Recognizing their environmental impact, many schools have instituted initiatives such as green cleaning policies and procedures.
At Boston University, current cleaning standards have been in place since 2012; the university has had some variation of the program since the 1990s.
“We’ve moved away from the chemicals that have typically been used, primarily for the health and well-being of our custodial staff but also for the health and well-being of our community,” says Dennis Carlberg, BU’s associate vice president for university sustainability. “It’s amazing what we’ve been able to do without harsh chemicals.”
Beyond improving the quality of the indoor environment, the university intends to make a big impact on the environment as a whole: BU’s climate action plan aims to reduce carbon emissions on its campuses to zero by 2040, an ambitious goal that includes the cleaning program.
BU’s efforts have earned it high marks from the Association for the Advancement of Sustainability in Higher Education. Right now, the university has a silver STARS rating (Sustainability Tracking, Assessment & Rating System) and a spot on the Sustainable Campus Index.
Here are BU’s sustainability strategies that other universities or any institution looking to improve its cleaning policies can adopt.
Clean with certified products and equipment. Several third-party certifications indicate that a product poses as little harm to the environment as possible. BU focuses on Green Seal- and EcoLogo-certified products, which meet environmental and sustainability standards that also apply to the manufacturing process. The university also mandates that vacuums and carpet deep-cleaners are certified sustainable by the Carpet and Rug Institute trade association.
Avoid single-use products and reduce chemical use. Premixed jugs of cleaner contain a lot of water. By purchasing concentrated cleaning solution and mixing it with water on-site, BU staff reduce the amount of product that must be shipped, saving energy and reducing packaging. Likewise, staff members avoid using chemicals altogether whenever possible: For example, the automated scrubbing machines that clean floors use only water.
Follow maintenance schedules for equipment. A preventive maintenance program ensures equipment is kept in good working order so it needs less frequent replacement. BU has also arranged for suppliers to take back equipment that has reached the end of its useful life, so it doesn’t end up in a landfill. Safeguards on equipment, such as rubber bumpers, help minimize damage to building surfaces so they last longer.
Reduce the need to clean. Floor mats at entryways trap dirt and particulates as they come in; BU’s plan mandates that the mats or a similar containment strategy cover at least 10 feet inside the doorway and that they are vacuumed daily.
Pay attention to packaging and materials. BU’s policy encourages purchasers to select products that are packed and shipped with minimal packaging. Purchasers also favor recycled or recyclable materials. The university reduced its total waste by making changes such as purchasing toilet paper without cardboard rolls inside.

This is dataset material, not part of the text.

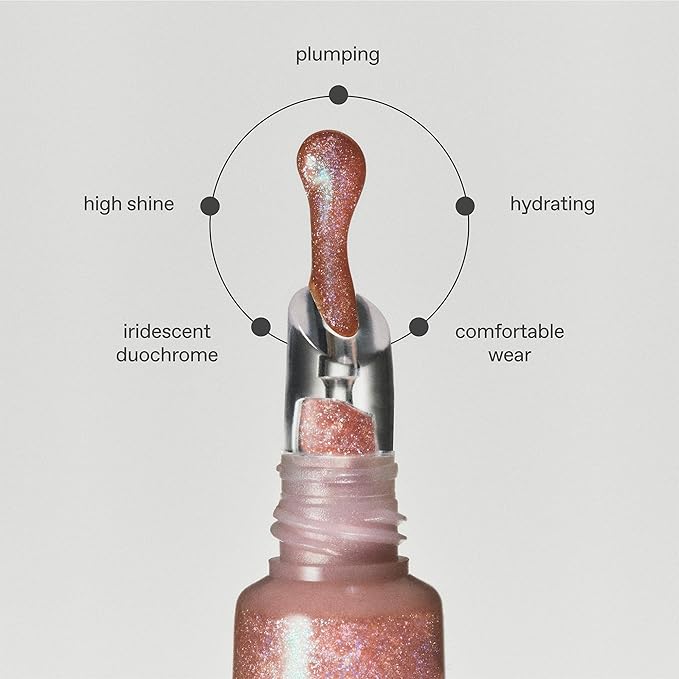 r.e.m. beauty by ariana grande On Your Collar Plumping Lip Gloss | High Shine Plumping Gloss | Hydrating Comfort | Iridescent Duochrome Finish that Sparkles (Fembot) | powerfully plumping, sparkly finish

And BU reduces the need to buy paper towels by using microfiber cloths for cleaning instead.
Train the staff. For a sustainable cleaning program to work, train staff on processes as well as safety. BU conducts regular training to ensure custodial staff know how to deal with hazardous materials and safely manage waste. Staff receive information about the chemicals they work with via material safety data sheets (MSDS) and have access to personal protective equipment as needed.
Keep track of your progress. Proper documentation helps an institution determine if it’s meeting sustainability goals. BU follows LEED guidelines to keep track of purchases, MSDS and equipment repair logs.
For any campus, implementing a sustainable cleaning policy is an ongoing effort as knowledge and technology evolve. What’s important is that the people involved continually look for ways to reduce the university’s negative impact on the environment while keeping the people inside the classrooms and offices safe and healthy.